Instructions for the task →
Exactly the lines from the one containing "listing image 1106352580326388109" through the final line of the data below, with pictures omitted, make up the answer.

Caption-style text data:
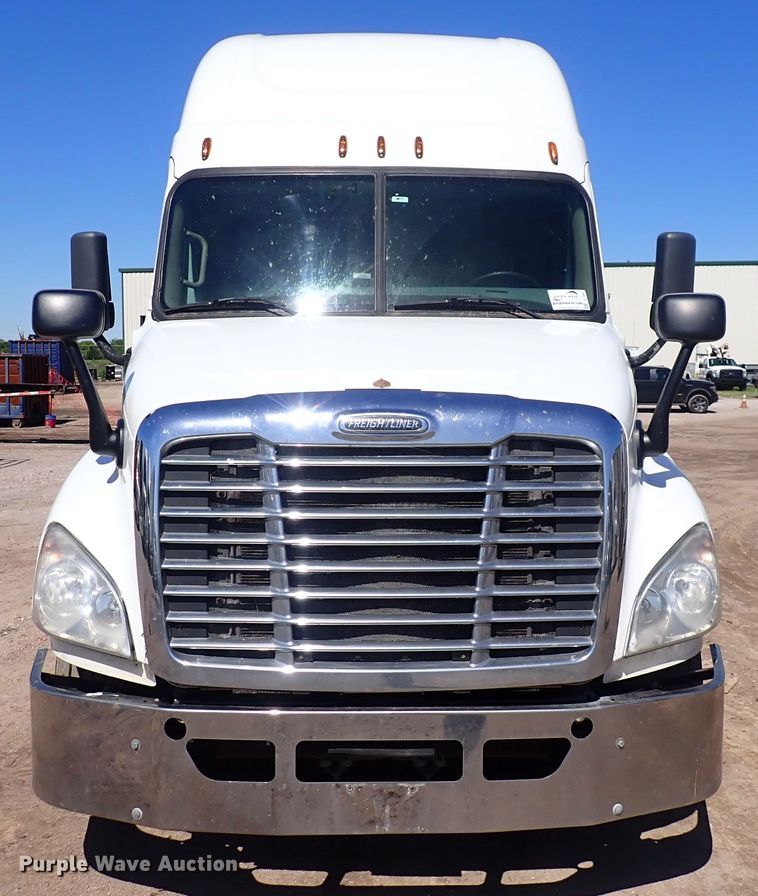 image for item DI1980 2014 Freightliner Cascadia  semi truck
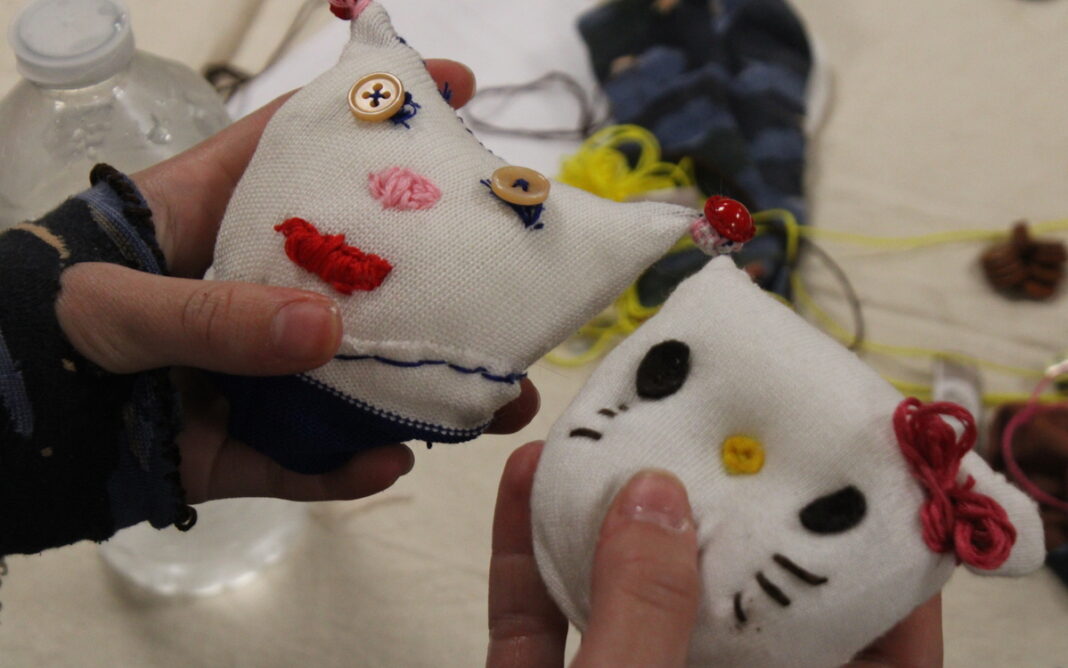 Atelier enfant – Peluche en chaussettes L’Atelier de la Ressourcerie Créative Paris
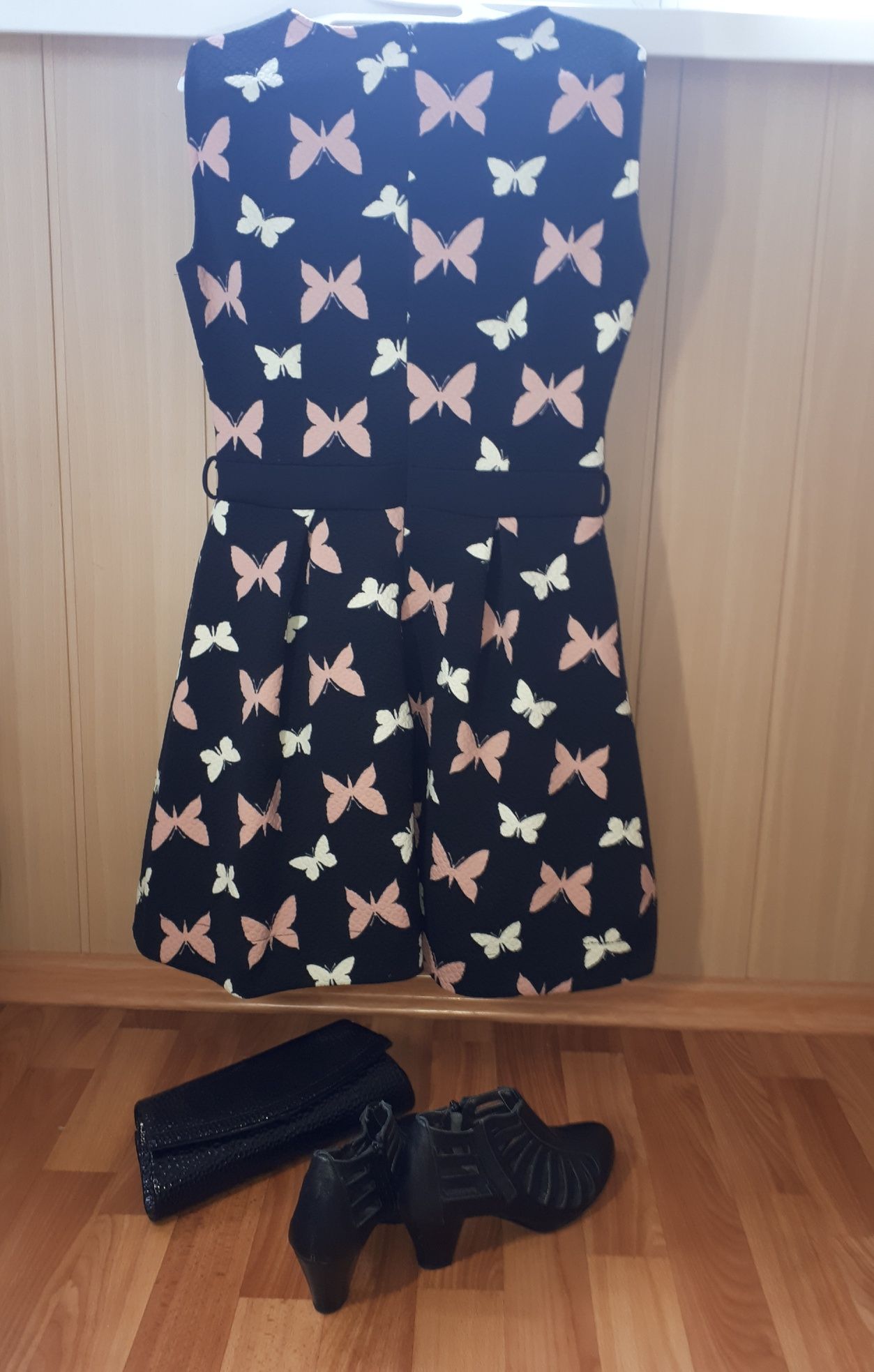 Платье Rinascimento бабочки букле,  размер L (46-48 укр.) + ПОДАРОК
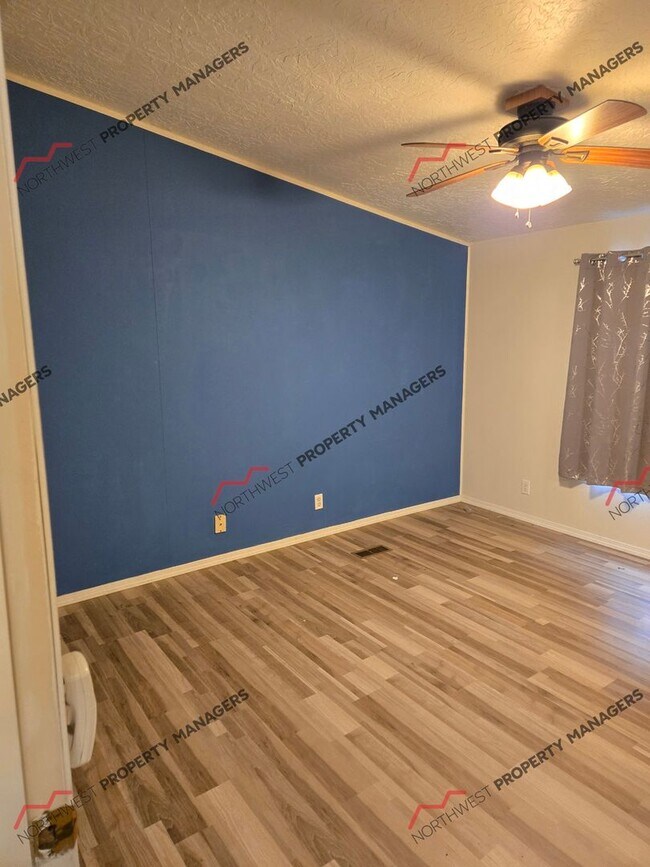 Building Photo - 8632 180th Way SW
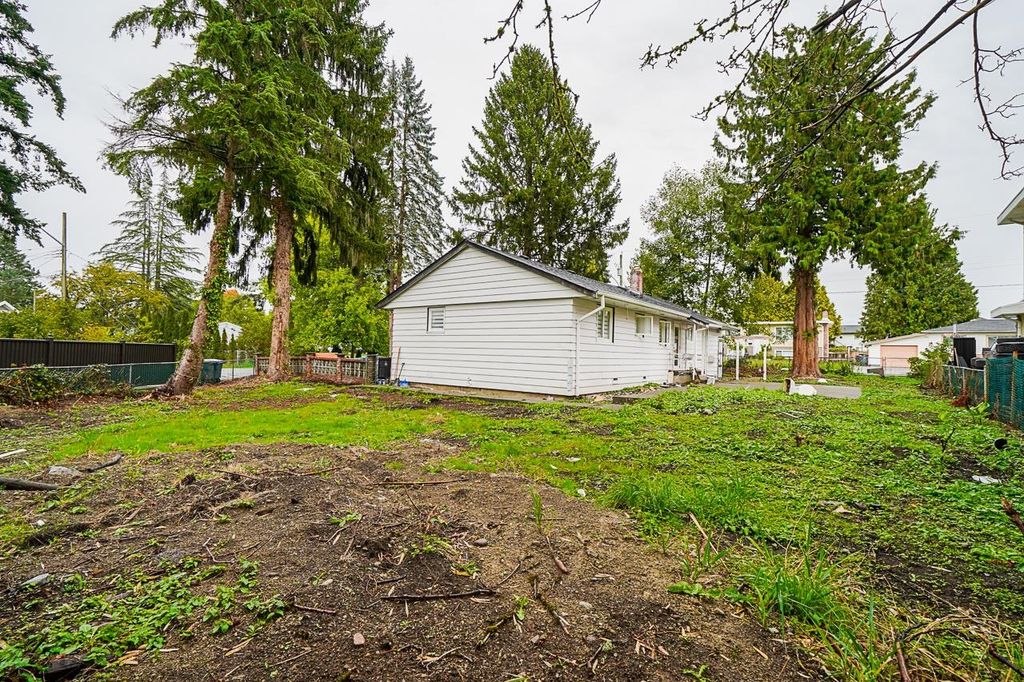 listing image 1106352580326388109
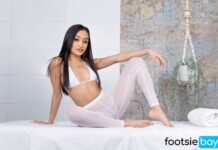 Footsiebay – Jade Kimiko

Solution to the problem →
 listing image 1106352580326388109
 Footsiebay – Jade Kimiko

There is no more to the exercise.